WORK TO BE COMPLETED: When you repeat the entries below, please keep them exact and leave out the pictures.

Captioned web image data
......

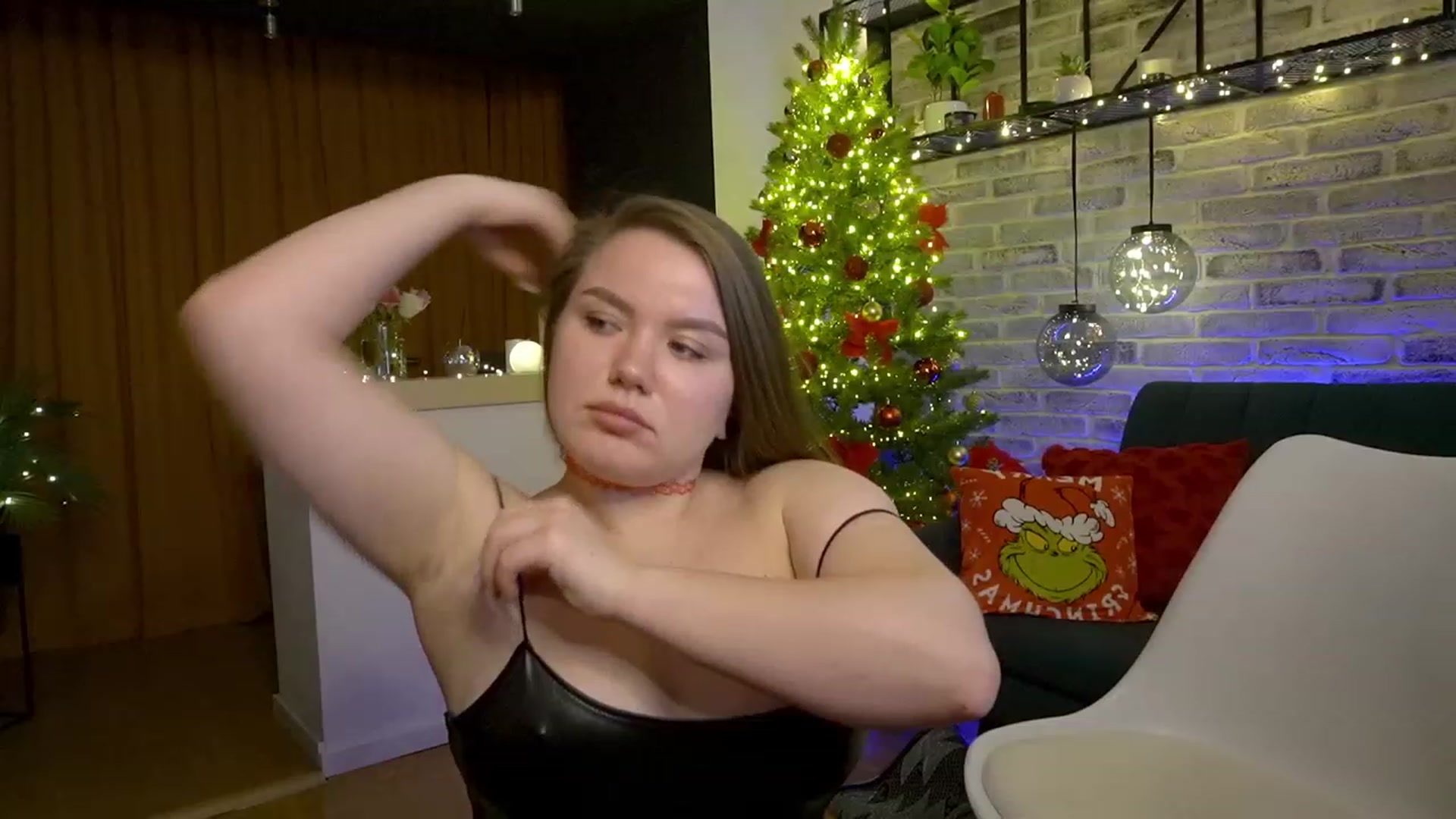 Gallery image thumbnail from Daisy_Stacey's myfreecams stream on, 12/25/2023, 20:55 image 14 of 20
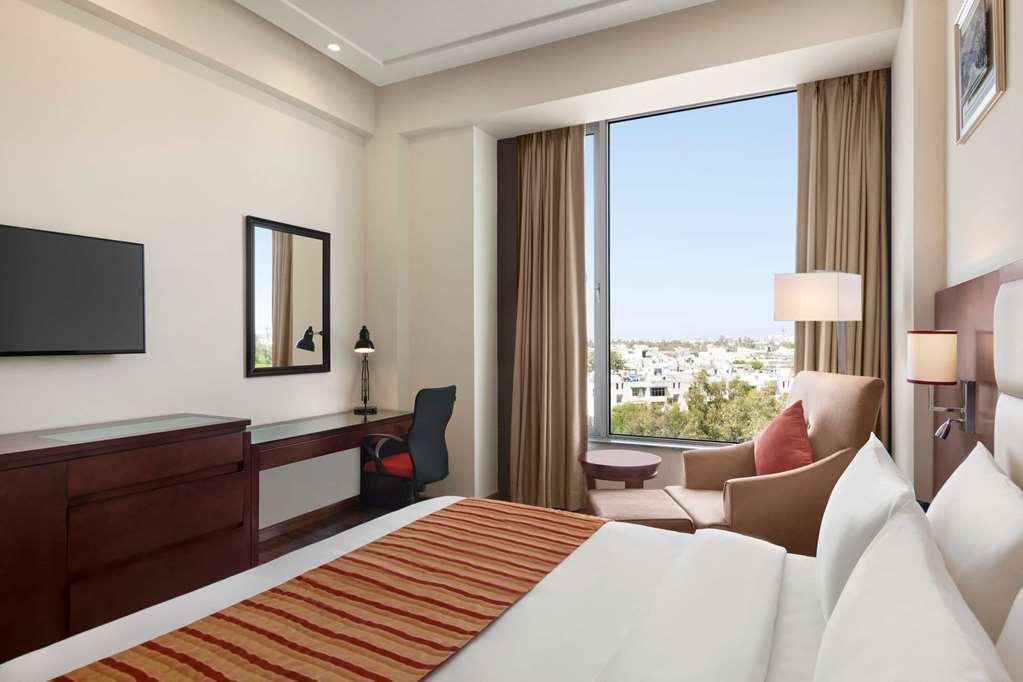 Ramada By Wyndham New Delhi Pitampura Delhi (National Capital Territory of India) Quarto foto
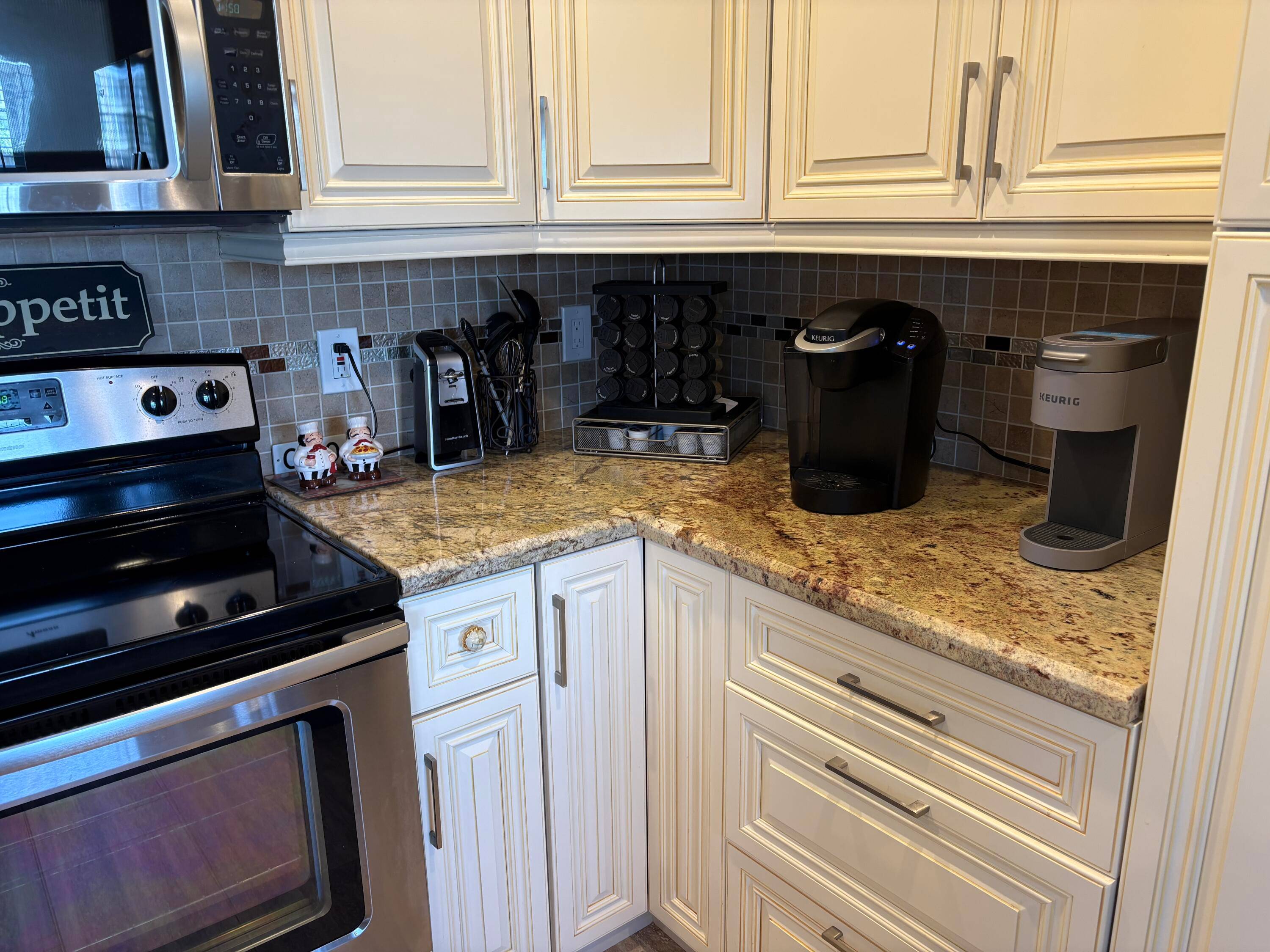 Spectacular 2 bed 2 bath 2 floor with panoramic lake view from the patio.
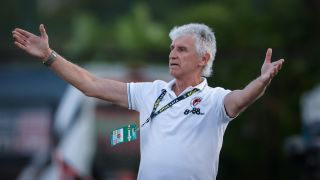 Иван Колев скочи на съдиите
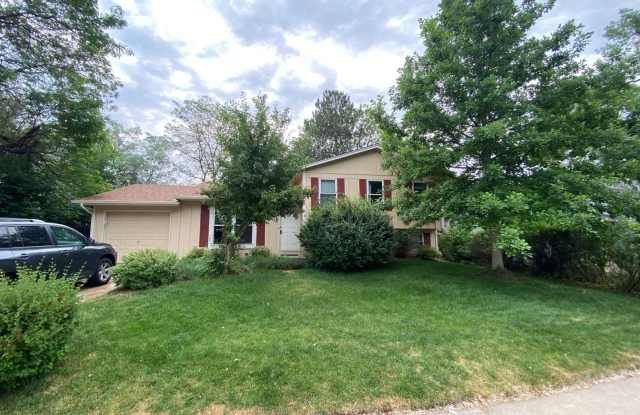 4BR/2BA Remodeled Single Family Home in Louisville - Available 8/4!! photos photos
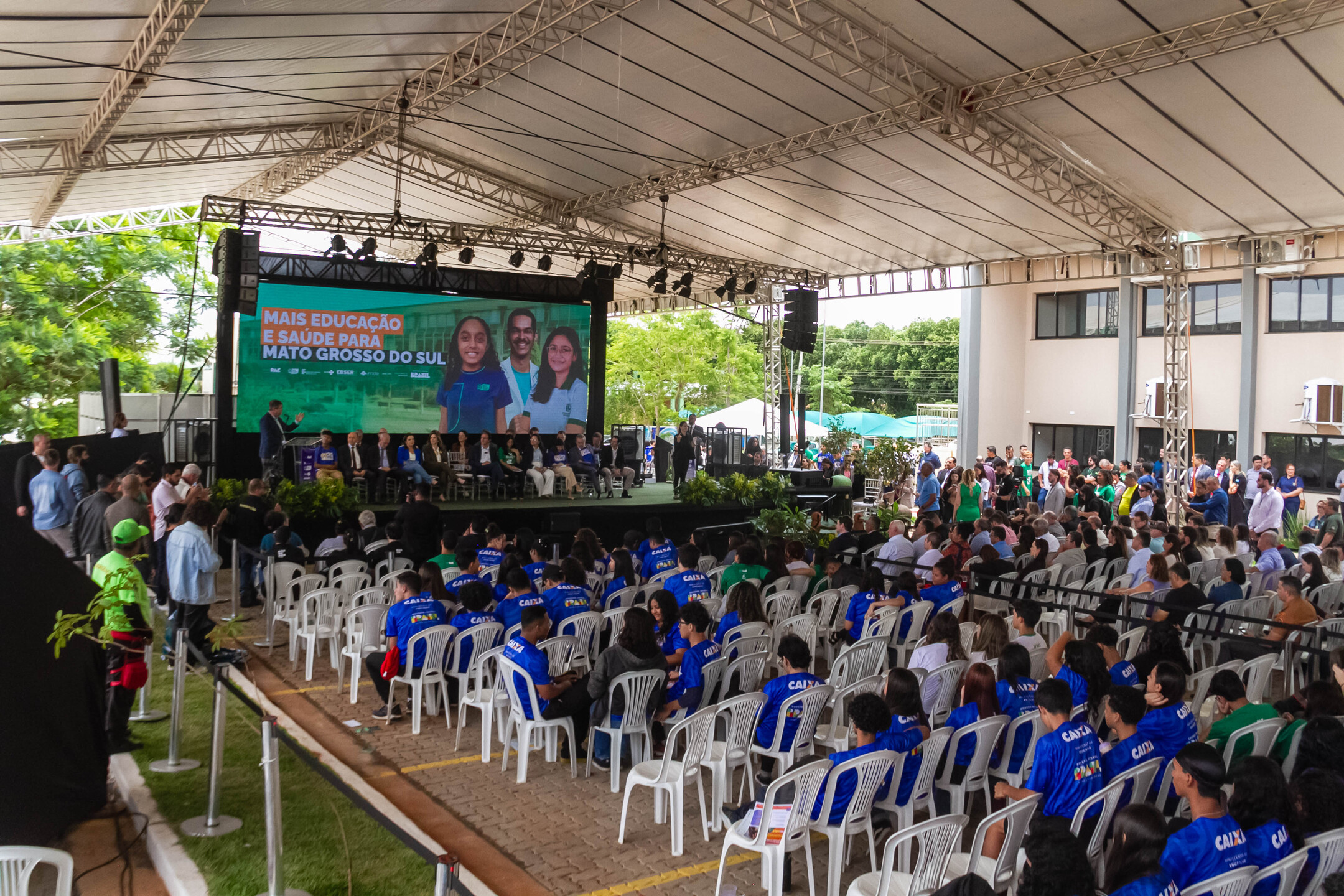 Governador durante discurso no pátio do IFMS em Campo Grande (MS). Foto: Tero Queiroz 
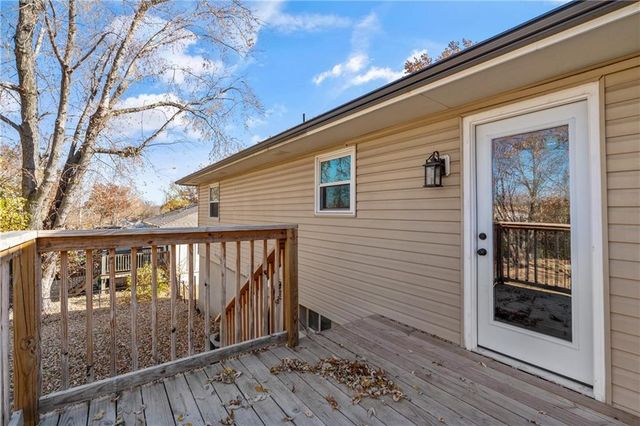 1218 NW Golfview Drive, Grain Valley, MO 64029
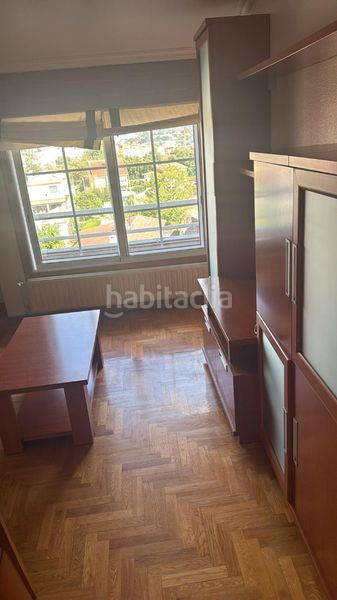 Foto 2039126b-b5aa-4624-8ba7-531c66e759b9. Alquiler apartamento en rúa redondo 40 piso en urbanización privada con piscina y plaza de garaje en Vigo
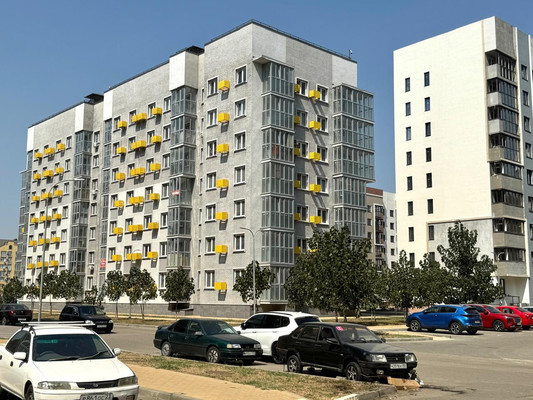 Продам двухкомнатную (2-комн.) квартиру, Карпатская ул, 5, Краснодар г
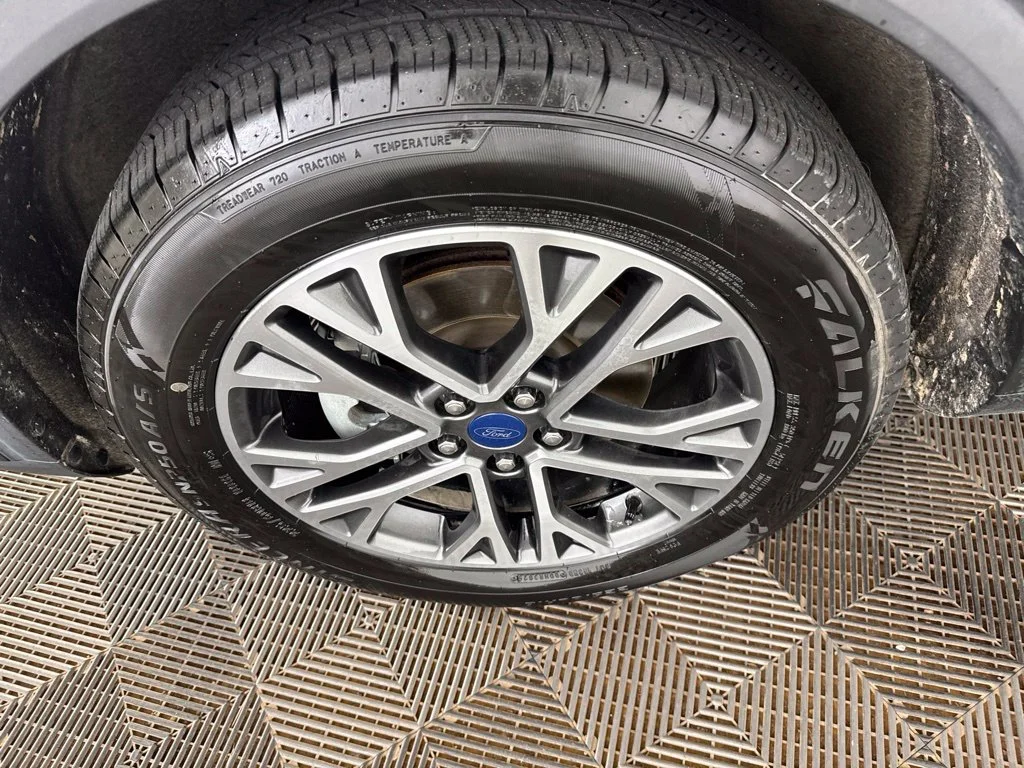 Used 2020 Gray Ford SEL image 30
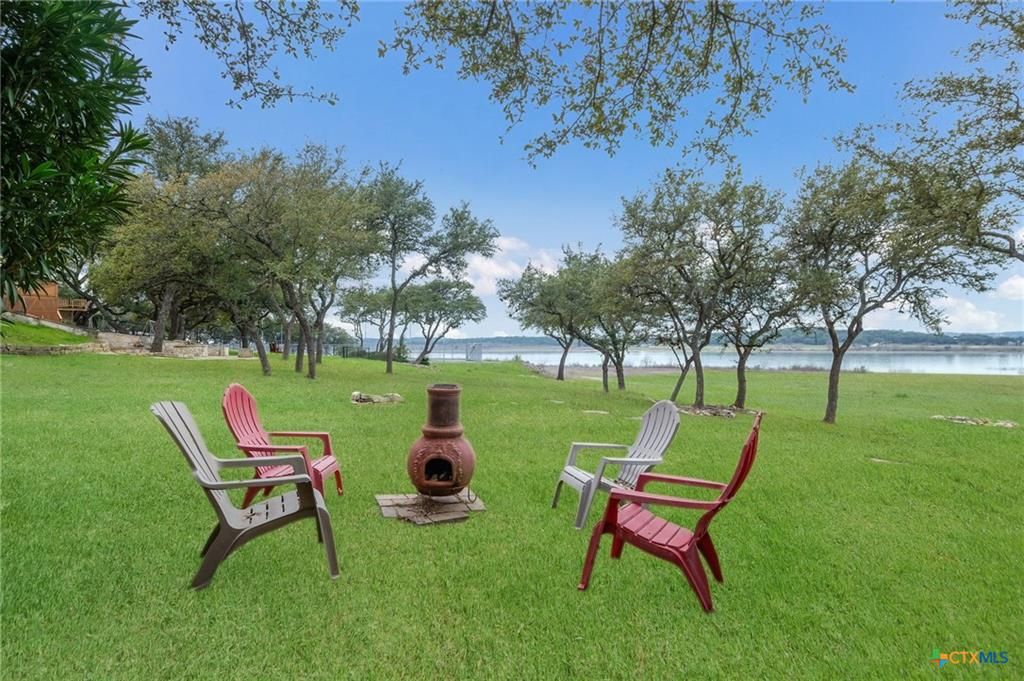 KustomRE's tweet photo. #JustListed ~Waterfront Townhome #CanyonLake ~994 Parkview Dr~ 
Real Estate w/ both investment &amp; lifestyle benefits in this one! #LakeLife #ShortTerm #Invest #BuyDirt #KustomRealEstate https://t.co/AofdRoLmhT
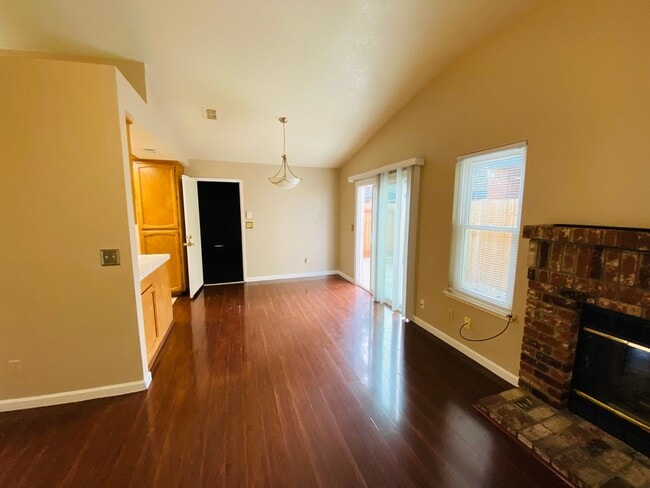 8241 Cashel Way in Sacramento, CA - Building Photo - Building Photo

......

RESPONSE FOR THIS EXERCISE:
 Gallery image thumbnail from Daisy_Stacey's myfreecams stream on, 12/25/2023, 20:55 image 14 of 20
 Ramada By Wyndham New Delhi Pitampura Delhi (National Capital Territory of India) Quarto foto
 Spectacular 2 bed 2 bath 2 floor with panoramic lake view from the patio.
 Иван Колев скочи на съдиите
 4BR/2BA Remodeled Single Family Home in Louisville - Available 8/4!! photos photos
 Governador durante discurso no pátio do IFMS em Campo Grande (MS). Foto: Tero Queiroz 
 1218 NW Golfview Drive, Grain Valley, MO 64029
 Foto 2039126b-b5aa-4624-8ba7-531c66e759b9. Alquiler apartamento en rúa redondo 40 piso en urbanización privada con piscina y plaza de garaje en Vigo
 Продам двухкомнатную (2-комн.) квартиру, Карпатская ул, 5, Краснодар г
 Used 2020 Gray Ford SEL image 30
 KustomRE's tweet photo. #JustListed ~Waterfront Townhome #CanyonLake ~994 Parkview Dr~ 
Real Estate w/ both investment &amp; lifestyle benefits in this one! #LakeLife #ShortTerm #Invest #BuyDirt #KustomRealEstate https://t.co/AofdRoLmhT
 8241 Cashel Way in Sacramento, CA - Building Photo - Building Photo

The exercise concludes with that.